Brief descriptive captions
++++

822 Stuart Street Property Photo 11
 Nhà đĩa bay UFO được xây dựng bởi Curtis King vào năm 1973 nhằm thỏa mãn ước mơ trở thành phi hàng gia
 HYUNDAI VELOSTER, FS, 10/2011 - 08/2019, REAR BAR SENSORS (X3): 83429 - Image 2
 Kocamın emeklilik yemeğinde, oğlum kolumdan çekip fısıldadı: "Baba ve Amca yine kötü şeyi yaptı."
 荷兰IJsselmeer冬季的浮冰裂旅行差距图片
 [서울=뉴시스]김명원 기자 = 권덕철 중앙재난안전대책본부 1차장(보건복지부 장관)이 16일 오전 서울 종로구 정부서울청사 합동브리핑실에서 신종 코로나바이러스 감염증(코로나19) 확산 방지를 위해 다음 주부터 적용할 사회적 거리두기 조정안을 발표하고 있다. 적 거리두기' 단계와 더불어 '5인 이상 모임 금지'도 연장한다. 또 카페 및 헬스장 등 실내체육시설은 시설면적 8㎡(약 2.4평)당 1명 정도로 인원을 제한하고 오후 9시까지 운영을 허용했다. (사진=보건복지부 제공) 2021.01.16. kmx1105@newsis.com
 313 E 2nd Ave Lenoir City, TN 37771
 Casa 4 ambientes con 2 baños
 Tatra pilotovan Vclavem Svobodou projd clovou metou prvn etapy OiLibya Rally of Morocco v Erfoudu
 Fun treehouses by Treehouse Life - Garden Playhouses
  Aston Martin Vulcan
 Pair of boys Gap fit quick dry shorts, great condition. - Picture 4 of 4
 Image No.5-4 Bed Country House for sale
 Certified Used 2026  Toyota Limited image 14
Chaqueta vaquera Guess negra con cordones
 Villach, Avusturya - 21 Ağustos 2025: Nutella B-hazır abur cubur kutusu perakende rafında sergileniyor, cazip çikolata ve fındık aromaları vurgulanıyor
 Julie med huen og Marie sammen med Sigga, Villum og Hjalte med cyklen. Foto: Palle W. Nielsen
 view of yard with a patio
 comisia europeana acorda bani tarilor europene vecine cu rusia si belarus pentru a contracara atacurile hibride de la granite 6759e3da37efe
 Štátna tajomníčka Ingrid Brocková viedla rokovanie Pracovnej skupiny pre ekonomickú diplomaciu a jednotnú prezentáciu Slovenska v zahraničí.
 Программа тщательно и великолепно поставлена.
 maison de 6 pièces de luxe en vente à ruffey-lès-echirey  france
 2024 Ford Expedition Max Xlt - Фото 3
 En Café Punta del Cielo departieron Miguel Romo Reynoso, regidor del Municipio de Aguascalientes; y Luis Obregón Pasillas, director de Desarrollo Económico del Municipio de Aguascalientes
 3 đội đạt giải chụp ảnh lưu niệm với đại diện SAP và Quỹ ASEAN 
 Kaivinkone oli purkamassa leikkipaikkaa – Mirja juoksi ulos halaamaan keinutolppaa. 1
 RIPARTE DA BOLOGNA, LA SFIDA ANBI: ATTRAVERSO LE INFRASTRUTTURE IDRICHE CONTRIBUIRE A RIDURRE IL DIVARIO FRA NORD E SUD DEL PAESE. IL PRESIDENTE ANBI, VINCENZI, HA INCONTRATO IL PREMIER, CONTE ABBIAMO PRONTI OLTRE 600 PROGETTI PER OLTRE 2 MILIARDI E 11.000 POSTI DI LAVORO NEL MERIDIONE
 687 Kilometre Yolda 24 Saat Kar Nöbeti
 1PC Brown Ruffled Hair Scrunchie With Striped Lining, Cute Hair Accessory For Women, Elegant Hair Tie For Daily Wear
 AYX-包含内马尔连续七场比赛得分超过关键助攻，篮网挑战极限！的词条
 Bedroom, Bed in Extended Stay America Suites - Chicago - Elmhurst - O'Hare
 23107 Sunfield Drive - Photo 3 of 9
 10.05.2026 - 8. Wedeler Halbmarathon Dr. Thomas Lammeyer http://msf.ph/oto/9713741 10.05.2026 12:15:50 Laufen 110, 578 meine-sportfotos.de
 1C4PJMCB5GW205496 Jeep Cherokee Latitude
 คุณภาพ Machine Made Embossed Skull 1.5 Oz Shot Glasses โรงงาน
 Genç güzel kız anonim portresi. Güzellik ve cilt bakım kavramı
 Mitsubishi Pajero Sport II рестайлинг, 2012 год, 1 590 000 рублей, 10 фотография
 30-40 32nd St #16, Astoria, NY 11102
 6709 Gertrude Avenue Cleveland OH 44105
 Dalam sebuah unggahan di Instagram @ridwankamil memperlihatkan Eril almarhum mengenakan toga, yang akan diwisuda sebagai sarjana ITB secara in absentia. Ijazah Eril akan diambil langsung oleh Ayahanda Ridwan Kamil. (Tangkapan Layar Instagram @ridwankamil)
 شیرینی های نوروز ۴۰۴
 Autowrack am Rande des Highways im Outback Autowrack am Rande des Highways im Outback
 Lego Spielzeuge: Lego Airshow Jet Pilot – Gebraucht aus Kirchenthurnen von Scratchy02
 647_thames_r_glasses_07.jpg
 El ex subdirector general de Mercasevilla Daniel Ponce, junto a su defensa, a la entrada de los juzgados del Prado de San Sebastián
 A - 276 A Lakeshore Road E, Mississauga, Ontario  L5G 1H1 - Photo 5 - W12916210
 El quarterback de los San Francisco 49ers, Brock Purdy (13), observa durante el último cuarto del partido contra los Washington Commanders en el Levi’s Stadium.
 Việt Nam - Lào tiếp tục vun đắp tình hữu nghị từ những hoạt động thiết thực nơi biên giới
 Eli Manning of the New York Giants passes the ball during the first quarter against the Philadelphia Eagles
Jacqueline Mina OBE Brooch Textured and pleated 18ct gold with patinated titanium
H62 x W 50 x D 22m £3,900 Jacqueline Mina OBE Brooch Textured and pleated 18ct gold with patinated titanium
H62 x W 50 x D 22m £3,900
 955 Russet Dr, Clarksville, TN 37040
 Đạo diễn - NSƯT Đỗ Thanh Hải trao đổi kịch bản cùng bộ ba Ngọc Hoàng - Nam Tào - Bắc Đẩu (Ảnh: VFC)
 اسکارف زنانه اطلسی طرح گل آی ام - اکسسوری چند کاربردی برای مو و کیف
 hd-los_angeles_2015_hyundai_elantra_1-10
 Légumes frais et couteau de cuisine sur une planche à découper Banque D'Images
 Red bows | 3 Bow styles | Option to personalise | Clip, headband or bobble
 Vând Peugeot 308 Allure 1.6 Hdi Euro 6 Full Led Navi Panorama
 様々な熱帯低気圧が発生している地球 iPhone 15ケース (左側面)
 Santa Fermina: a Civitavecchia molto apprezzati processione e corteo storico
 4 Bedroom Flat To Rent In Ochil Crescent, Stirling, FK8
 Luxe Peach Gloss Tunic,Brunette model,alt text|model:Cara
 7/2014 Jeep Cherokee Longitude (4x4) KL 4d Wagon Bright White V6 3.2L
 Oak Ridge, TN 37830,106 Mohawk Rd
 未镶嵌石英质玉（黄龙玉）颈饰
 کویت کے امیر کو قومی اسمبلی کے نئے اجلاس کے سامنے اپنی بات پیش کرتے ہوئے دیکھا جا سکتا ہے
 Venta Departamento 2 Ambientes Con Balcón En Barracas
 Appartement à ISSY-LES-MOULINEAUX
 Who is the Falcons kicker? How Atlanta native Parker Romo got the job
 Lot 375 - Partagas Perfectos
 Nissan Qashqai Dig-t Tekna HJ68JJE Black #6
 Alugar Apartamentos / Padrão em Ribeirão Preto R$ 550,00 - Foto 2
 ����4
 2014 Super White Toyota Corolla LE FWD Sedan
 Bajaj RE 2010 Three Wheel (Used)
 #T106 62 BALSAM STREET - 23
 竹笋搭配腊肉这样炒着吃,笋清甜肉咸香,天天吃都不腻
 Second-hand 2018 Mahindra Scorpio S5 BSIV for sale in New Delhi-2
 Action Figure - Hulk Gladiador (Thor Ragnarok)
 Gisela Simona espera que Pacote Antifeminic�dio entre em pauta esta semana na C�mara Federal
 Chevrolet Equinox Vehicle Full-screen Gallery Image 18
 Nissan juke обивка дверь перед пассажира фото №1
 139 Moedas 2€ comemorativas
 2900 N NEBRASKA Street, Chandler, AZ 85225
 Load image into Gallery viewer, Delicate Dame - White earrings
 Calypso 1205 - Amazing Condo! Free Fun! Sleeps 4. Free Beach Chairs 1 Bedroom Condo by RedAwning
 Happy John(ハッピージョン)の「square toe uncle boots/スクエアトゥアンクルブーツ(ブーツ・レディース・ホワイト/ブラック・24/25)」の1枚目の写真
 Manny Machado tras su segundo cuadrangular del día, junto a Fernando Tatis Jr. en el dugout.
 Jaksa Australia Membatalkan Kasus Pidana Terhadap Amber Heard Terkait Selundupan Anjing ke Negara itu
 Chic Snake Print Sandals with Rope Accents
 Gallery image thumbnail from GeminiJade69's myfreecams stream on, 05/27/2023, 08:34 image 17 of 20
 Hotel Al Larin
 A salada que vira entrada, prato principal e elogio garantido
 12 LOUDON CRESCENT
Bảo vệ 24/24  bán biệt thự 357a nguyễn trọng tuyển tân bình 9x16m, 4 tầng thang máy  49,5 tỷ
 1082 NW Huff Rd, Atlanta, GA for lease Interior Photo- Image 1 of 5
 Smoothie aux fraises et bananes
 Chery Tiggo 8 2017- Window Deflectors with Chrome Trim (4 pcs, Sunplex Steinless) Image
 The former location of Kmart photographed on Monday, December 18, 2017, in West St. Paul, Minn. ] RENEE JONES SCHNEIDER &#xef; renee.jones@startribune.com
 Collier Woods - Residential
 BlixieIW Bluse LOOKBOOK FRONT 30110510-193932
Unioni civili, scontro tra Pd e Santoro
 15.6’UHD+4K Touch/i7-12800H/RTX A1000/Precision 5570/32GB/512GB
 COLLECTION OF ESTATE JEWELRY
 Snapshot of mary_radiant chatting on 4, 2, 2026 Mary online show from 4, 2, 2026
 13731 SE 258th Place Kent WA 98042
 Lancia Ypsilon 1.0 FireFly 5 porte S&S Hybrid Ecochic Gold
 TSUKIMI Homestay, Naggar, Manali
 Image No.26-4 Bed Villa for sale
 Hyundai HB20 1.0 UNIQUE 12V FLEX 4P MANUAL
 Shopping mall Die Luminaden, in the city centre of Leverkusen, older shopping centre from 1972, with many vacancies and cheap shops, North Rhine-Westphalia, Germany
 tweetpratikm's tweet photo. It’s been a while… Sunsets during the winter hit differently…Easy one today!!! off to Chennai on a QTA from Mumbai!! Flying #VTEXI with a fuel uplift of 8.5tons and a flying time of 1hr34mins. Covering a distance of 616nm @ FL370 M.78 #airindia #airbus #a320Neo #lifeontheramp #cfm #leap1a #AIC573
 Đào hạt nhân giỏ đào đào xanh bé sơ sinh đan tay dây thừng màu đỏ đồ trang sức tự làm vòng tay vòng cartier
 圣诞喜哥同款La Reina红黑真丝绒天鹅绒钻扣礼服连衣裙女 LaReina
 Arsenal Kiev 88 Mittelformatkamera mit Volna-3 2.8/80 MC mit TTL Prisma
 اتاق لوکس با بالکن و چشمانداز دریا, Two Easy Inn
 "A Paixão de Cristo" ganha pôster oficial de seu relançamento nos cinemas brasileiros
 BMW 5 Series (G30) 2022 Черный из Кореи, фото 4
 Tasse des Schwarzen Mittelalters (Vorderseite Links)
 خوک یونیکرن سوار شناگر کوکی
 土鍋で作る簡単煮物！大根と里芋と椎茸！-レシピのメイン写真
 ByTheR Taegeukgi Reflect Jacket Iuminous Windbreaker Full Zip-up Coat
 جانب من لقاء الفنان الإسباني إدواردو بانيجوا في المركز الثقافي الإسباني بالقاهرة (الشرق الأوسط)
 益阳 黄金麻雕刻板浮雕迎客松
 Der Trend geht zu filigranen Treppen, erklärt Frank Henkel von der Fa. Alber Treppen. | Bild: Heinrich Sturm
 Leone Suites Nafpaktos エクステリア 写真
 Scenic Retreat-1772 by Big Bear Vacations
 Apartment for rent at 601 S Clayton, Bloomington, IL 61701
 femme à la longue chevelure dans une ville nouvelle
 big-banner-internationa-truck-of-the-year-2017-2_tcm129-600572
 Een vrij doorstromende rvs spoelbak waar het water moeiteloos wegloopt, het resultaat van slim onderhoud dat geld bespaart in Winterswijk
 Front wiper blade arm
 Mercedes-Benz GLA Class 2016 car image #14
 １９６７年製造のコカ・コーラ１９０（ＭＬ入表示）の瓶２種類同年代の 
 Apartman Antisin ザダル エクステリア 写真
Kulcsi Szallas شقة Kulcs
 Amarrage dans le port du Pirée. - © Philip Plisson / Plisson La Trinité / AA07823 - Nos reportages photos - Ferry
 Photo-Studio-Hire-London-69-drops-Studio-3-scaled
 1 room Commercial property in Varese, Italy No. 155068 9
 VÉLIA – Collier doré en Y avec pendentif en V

++++

Exercise goal: Copy out the range of lines above starting at the line with "TSUKIMI Homestay, Naggar, Manali" and ending at the line with "Shopping mall Die", exactly and including both.

Task response:
 TSUKIMI Homestay, Naggar, Manali
 Image No.26-4 Bed Villa for sale
 Hyundai HB20 1.0 UNIQUE 12V FLEX 4P MANUAL
 Shopping mall Die Luminaden, in the city centre of Leverkusen, older shopping centre from 1972, with many vacancies and cheap shops, North Rhine-Westphalia, Germany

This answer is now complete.